*Supplied material:*
####
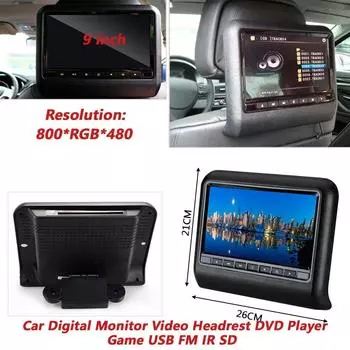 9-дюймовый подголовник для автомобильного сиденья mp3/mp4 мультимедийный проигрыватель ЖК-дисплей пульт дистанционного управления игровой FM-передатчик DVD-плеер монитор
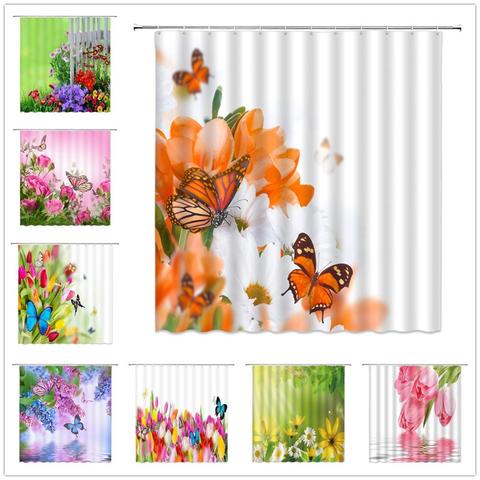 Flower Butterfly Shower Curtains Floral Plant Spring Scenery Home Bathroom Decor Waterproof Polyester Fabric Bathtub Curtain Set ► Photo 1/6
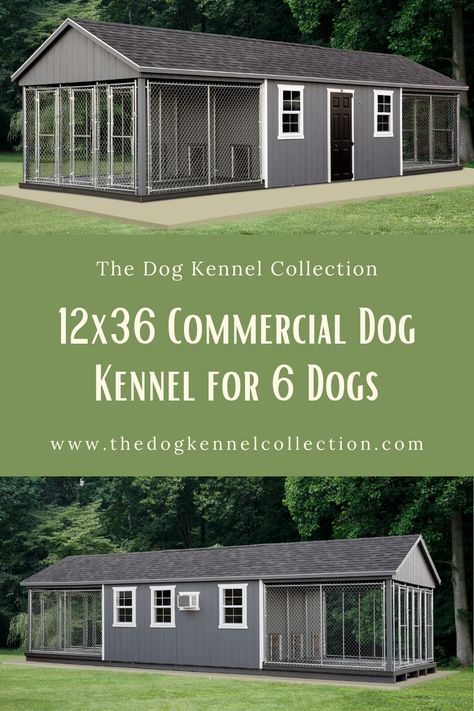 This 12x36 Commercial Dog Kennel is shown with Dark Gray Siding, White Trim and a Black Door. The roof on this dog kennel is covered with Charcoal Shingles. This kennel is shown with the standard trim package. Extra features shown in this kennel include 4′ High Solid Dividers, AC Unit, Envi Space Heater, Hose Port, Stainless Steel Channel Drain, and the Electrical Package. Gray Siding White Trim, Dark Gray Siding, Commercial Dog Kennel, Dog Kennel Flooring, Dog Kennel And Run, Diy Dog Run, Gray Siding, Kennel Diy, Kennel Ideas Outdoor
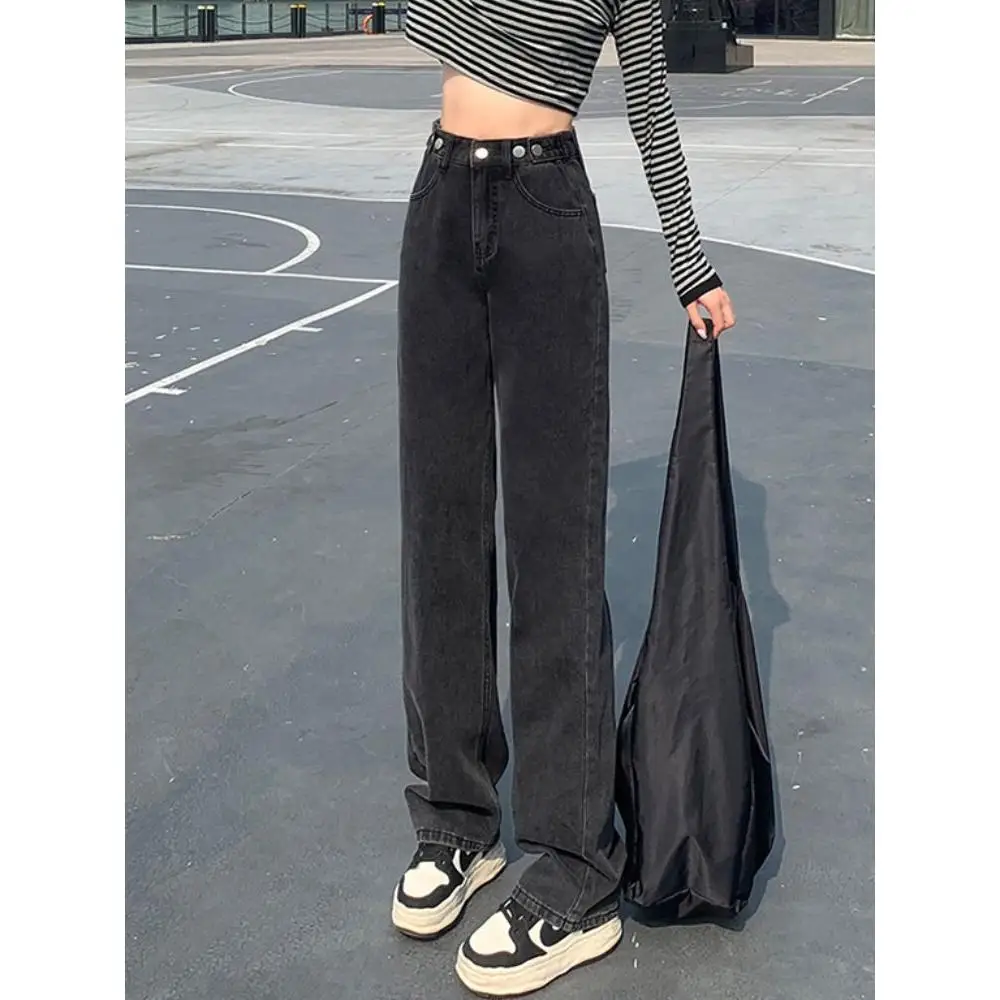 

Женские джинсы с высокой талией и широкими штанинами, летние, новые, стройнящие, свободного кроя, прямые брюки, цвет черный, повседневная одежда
####
*Task requirements:* Repeat the listing above word for word. Do not include the pictures.

*Exercise result:*
 9-дюймовый подголовник для автомобильного сиденья mp3/mp4 мультимедийный проигрыватель ЖК-дисплей пульт дистанционного управления игровой FM-передатчик DVD-плеер монитор
 Flower Butterfly Shower Curtains Floral Plant Spring Scenery Home Bathroom Decor Waterproof Polyester Fabric Bathtub Curtain Set ► Photo 1/6
 This 12x36 Commercial Dog Kennel is shown with Dark Gray Siding, White Trim and a Black Door. The roof on this dog kennel is covered with Charcoal Shingles. This kennel is shown with the standard trim package. Extra features shown in this kennel include 4′ High Solid Dividers, AC Unit, Envi Space Heater, Hose Port, Stainless Steel Channel Drain, and the Electrical Package. Gray Siding White Trim, Dark Gray Siding, Commercial Dog Kennel, Dog Kennel Flooring, Dog Kennel And Run, Diy Dog Run, Gray Siding, Kennel Diy, Kennel Ideas Outdoor

Женские джинсы с высокой талией и широкими штанинами, летние, новые, стройнящие, свободного кроя, прямые брюки, цвет черный, повседневная одежда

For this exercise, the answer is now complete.